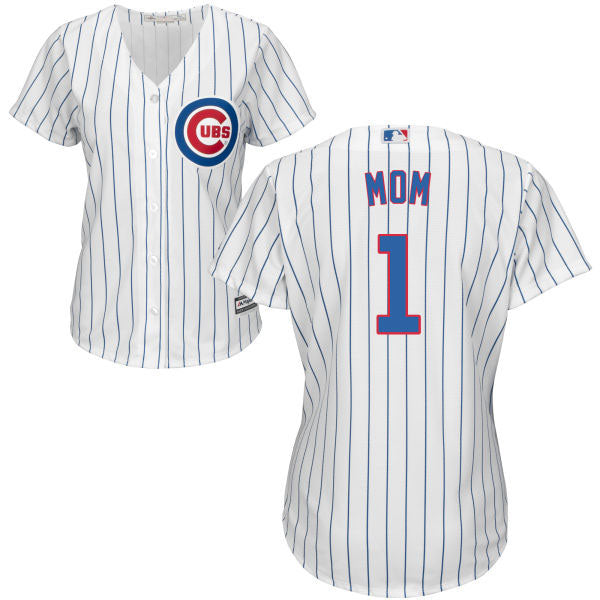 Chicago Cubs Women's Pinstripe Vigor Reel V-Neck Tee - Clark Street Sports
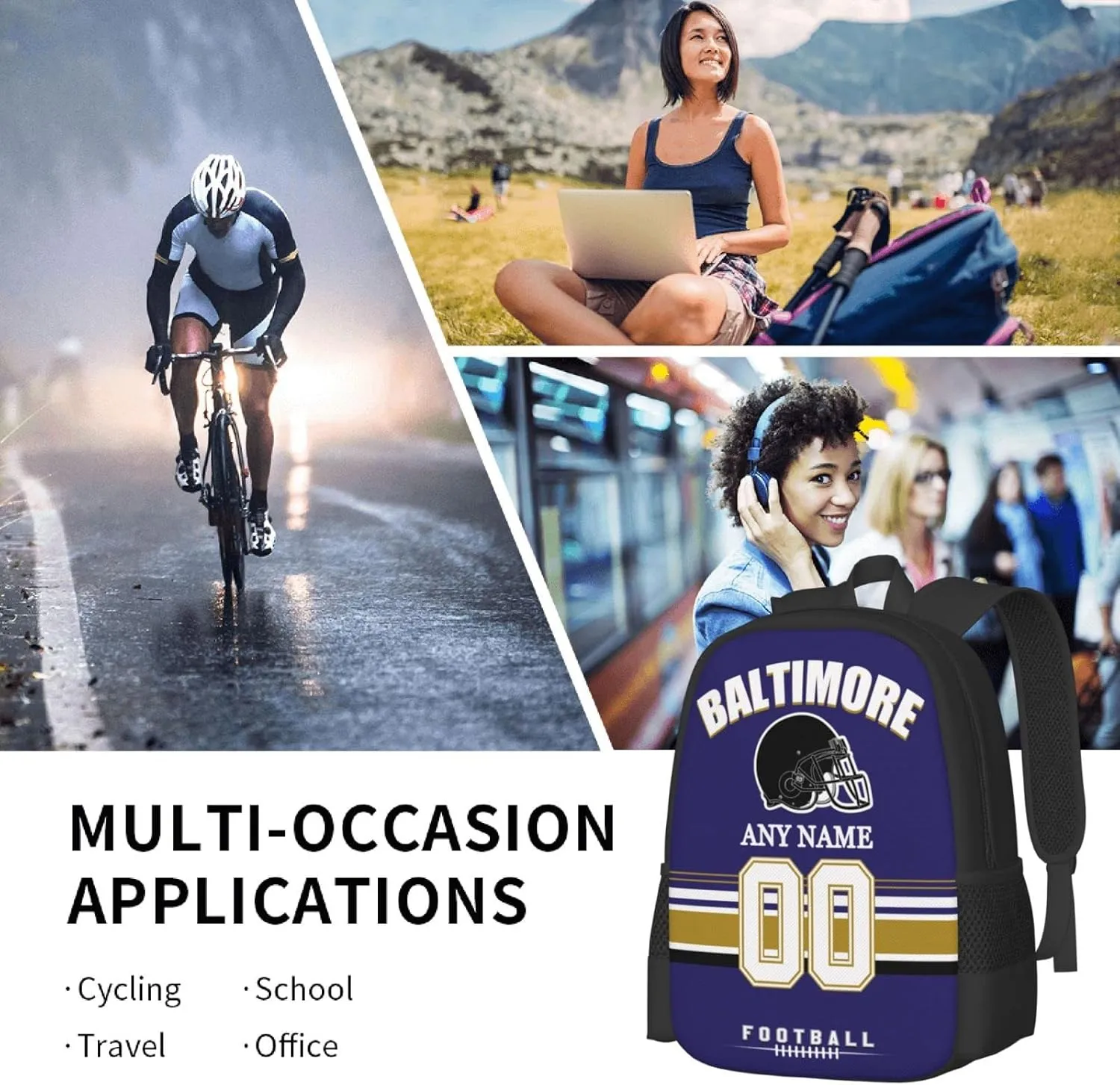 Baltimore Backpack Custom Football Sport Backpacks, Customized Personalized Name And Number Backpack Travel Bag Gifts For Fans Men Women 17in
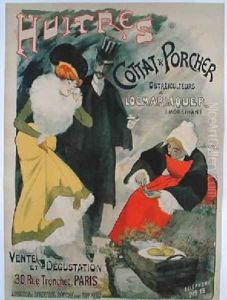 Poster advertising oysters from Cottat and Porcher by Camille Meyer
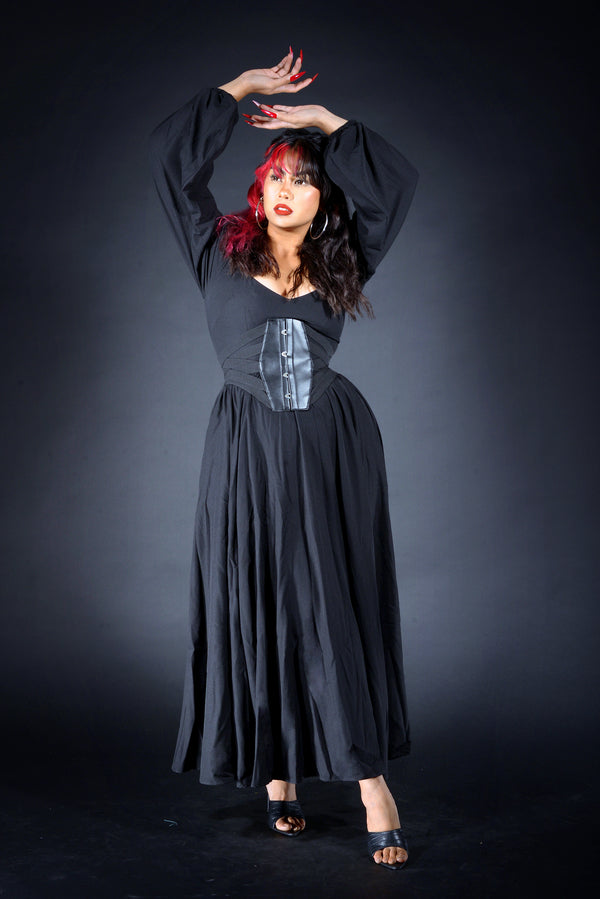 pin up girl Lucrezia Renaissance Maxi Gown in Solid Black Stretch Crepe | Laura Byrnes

§ **ASSIGNED TASK**
When you reach the line that contains "Poster advertising oysters", start copying the listing word for word and stop only after its last line, without any pictures.

§ **RESULT OF THE EXERCISE**
 Poster advertising oysters from Cottat and Porcher by Camille Meyer
 pin up girl Lucrezia Renaissance Maxi Gown in Solid Black Stretch Crepe | Laura Byrnes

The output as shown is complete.